The Telegraph reports; "Not since Carl Lewis in 1988 had a sprinter defended his Olympic 100m title and Lewis needed Ben Johnson to be disgraced before he could claim gold again. Sensing the expansive spirit of these London Games, Bolt laid down his claim to be the greatest speedster of all time.

World record holder and double Olympic 100m champion, despite setbacks and tremors: there is no beating that. This global showdown between an island of 2.9 million and the 314 million people of the world's most powerful nation ended with the island dominant. Chasing Bolt home was his training companion, Yohan Blake, ahead of Justin Gatlin in the bronze medal.

The nightmare scenario of a Gatlin victory was averted by the power and charisma of the two human bullets.

Beijing was a conquest. This was an exercise in relief. Even Bolt could not have been sure that his body would deliver him for his traditional mid-race surge. His starts are seldom impressive. His mid-track recoveries are almost always ominous. And the lengthening of his stride over the last 20 metres is unanswerable. Afterwards he drew his imaginary bow back and fired at the London sky. "Usain, Usain," the crowd chanted. The pleasures never cease in this Stratford stadium.

Sent off by 61-year-old Alan Bell from County Durham, who also fired the gun when Bolt false-started at the 2011 Daegu World Championships, the Americans Gatlin, Tyson Gay and Ryan Bailey squared up to a trio of Jamaicans: Bolt, Blake and Asafa Powell. The rest of the world was meagrely represented by Holland's Churandy Martina and Richard Thompson from Trinidad and Tobago.

Jamaica had already won the women's 100m with Shelly-Ann Fraser-Pryce, the first to retain the Olympic title since Gail Devers in 1992 and 1996. Goaded by American sprint legends in the build-up, Bolt and Blake were both a Jamaican team and mortal rivals, fighting for supremacy in an event still clouded by the outrages of the past.

The resurgent Gatlin was a monument to those times. He returned from his four-year suspension in northern Estonia, in Aug 2010, saying: "Good, bad, indifferent, guilty or not, I have served my time.
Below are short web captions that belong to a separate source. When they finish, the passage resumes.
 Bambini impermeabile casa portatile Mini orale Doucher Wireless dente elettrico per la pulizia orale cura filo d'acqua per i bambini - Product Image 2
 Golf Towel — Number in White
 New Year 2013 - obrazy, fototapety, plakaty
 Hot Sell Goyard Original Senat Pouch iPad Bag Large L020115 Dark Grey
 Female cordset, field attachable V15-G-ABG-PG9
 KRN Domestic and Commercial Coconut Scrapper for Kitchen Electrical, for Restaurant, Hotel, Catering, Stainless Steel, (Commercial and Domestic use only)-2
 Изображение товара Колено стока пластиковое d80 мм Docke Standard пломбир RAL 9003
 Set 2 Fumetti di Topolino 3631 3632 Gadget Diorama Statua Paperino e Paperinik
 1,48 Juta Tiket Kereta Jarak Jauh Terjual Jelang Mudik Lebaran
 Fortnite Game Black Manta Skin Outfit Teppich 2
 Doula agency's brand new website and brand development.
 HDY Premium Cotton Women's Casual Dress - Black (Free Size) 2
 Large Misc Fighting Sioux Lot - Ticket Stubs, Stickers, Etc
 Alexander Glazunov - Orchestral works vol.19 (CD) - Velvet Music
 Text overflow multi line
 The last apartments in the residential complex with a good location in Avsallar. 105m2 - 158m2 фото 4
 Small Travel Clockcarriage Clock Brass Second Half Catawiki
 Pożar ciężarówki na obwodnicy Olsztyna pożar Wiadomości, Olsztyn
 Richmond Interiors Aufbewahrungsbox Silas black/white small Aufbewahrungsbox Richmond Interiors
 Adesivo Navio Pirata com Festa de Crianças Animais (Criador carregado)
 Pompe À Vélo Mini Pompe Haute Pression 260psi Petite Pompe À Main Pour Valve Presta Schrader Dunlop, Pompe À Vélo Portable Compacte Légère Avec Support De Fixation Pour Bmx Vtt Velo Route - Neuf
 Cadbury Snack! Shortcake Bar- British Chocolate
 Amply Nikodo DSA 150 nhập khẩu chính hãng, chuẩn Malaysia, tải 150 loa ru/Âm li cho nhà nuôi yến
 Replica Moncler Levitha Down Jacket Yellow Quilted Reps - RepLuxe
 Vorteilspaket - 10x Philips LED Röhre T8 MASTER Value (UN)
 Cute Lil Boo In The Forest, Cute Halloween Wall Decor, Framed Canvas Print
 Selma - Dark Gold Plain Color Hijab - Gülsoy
I just want to come back and be able to run and compete like anybody else. It is in my heart. This is what I do. I feel I owe it to my fans and friends to show them I can still do it. But it is almost half a decade since I ran.

"Denial, anger, sadness, a little bit of depression, embarrassment set in but now I am coming to a point where I am more calm, more mellow."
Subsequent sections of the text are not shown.